Captioned web image data:
"""
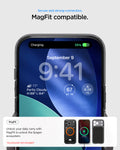 ACS10047 - iPhone 17 Pro Max Ultra Hybrid T (MagFit) in Matte Black showing secure and strong connection. Magfit compatible. unlock your daily carry with magfit to unlock the spigen ecosystem
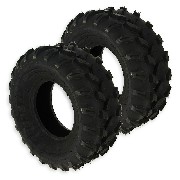 Pair of Front Tires for ATV JYG Quad 200cc - 19x7.00-8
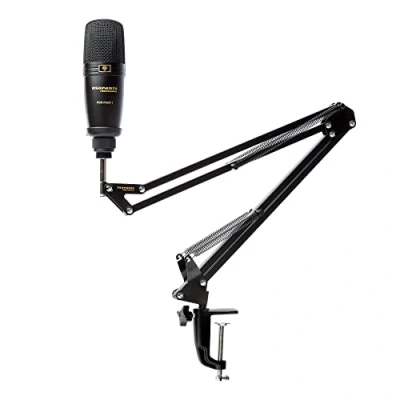 Abbildung von Marantz Professional Umpire USB Mikrofon für Aufnahmen, Podcasts, Streaming und Gaming mit Tischstativ, Pop Filter Mikrofonspinne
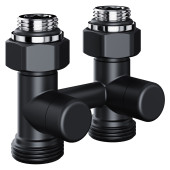Узел нижнего подключения Royal Thermo Design прямой 1/2х3/4 EK (черный)
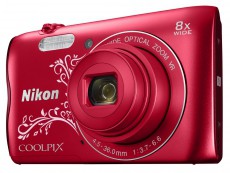 Nikon CoolPix A300 - Lineart vörös (2 év garancia!) Fényképezőgép / kamera - Kompakt fényképezőgép - Normál tudású kompakt - 297819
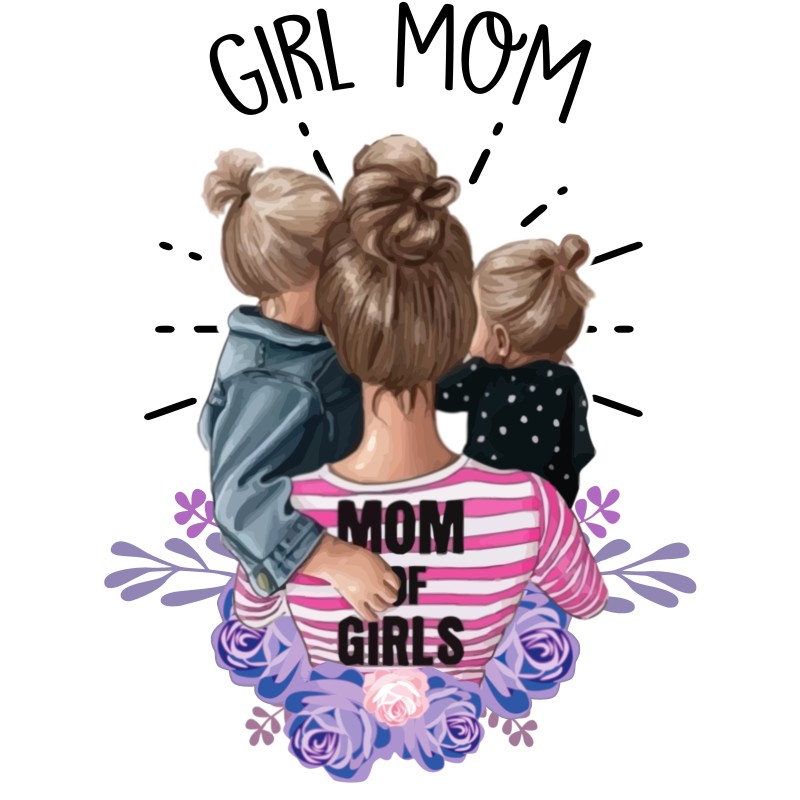 Girl Mom - Floral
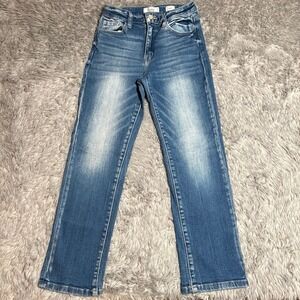 Kancan Mom Fit Denim Jeans Medium Wash Big Girls Size 14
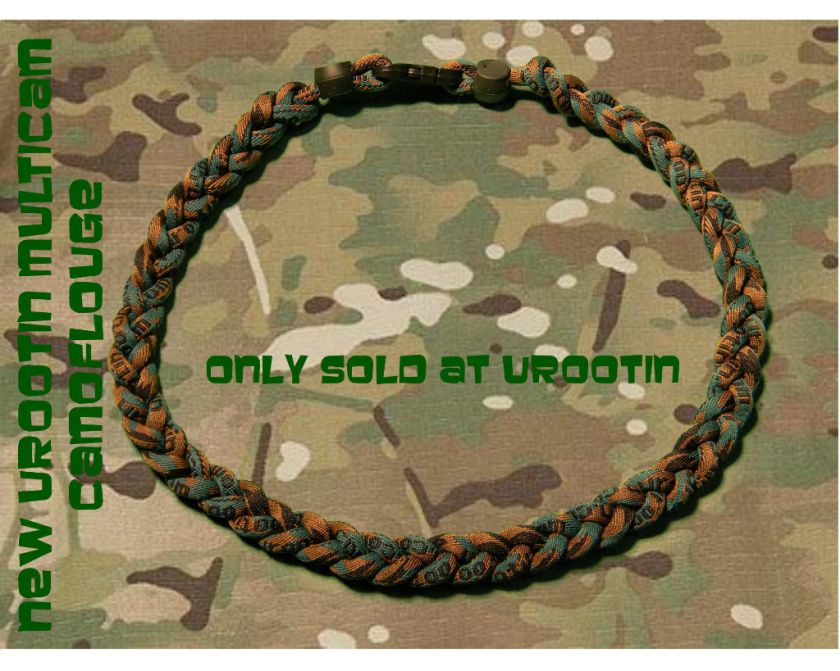 Camo Tornado 3 Rope Braided Titanium Sport Necklace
"""
### Task prompt
What you return must match the data above exactly, with no images included.

### Completed task
 ACS10047 - iPhone 17 Pro Max Ultra Hybrid T (MagFit) in Matte Black showing secure and strong connection. Magfit compatible. unlock your daily carry with magfit to unlock the spigen ecosystem
 Pair of Front Tires for ATV JYG Quad 200cc - 19x7.00-8
 Abbildung von Marantz Professional Umpire USB Mikrofon für Aufnahmen, Podcasts, Streaming und Gaming mit Tischstativ, Pop Filter Mikrofonspinne
Узел нижнего подключения Royal Thermo Design прямой 1/2х3/4 EK (черный)
 Nikon CoolPix A300 - Lineart vörös (2 év garancia!) Fényképezőgép / kamera - Kompakt fényképezőgép - Normál tudású kompakt - 297819
 Girl Mom - Floral
 Kancan Mom Fit Denim Jeans Medium Wash Big Girls Size 14
 Camo Tornado 3 Rope Braided Titanium Sport Necklace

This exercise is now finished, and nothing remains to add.